Friday, June 28, 2013

World Congress on Abolition 4 - Death Penalty as Torture


“Considering the death penalty as torture in international law would not be another step, it is the ultimate step to establish that the death penalty is illegal all the time, everywhere and under any circumstance,” Sylvie Bukhari-de Pontual, president of FIACAT (a World Coalition member organisation) told the 5th World Congress Against the Death Penalty.
International jurisprudence, including that of the International Criminal Tribunal for the Former Yugoslavia, considers the absolute prohibition of torture to apply at all times to all states, even those that have not ratified international conventions against torture.
Although United Nations reports have established close links between the death penalty and torture, Bukhari-de Pontual regretted that “human rights bodies are still avoiding this question and talk about ‘cruel, degrading and inhuman treatment’” instead.
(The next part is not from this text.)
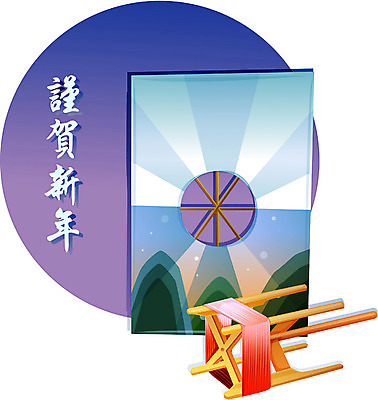 EPS 전통 명절 생활용품 일러스트 근하신년 새해 한국 이벤트 사람없음 설날 놀이용품 전통놀이 연 이미지다이어리 방패연 연초 국내일러스트 기념일 아시아 놀이 오브젝트 파일형식 벡터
Yet Vincent Warren, executive director of the US-based Center for Constitutional Rights (another World Coalition member), left no room for doubt. He said clinical studies of people sentenced to death had demonstrated the existence of a “death row syndrome” including four disorders: sense of helplessness and defeat, sense of diffuse danger, emotional emptiness and loneliness, and decline in mental and physical acuity.
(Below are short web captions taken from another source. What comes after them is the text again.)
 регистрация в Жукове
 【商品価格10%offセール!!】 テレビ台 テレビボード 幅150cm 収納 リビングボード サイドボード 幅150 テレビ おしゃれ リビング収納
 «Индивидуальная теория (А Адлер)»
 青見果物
“Each lays the foundation for torture. What else would it take to convince the states that it is effectively torture?” Warren asked.
(From  World Coalition site, see link)

Thailand appears satisfied to achieve a state of abolition in practice, by continuing with death sentences at a rate of one a week, but emptying the cells periodically by Royal commutation of sentence. However, this cycle leaves the condemned for eight to ten years in the state of uncertainty of prisoners condemned to death, in the awful conditions of Bang Kwang prison and with no programme of rehabilitation. For what purpose?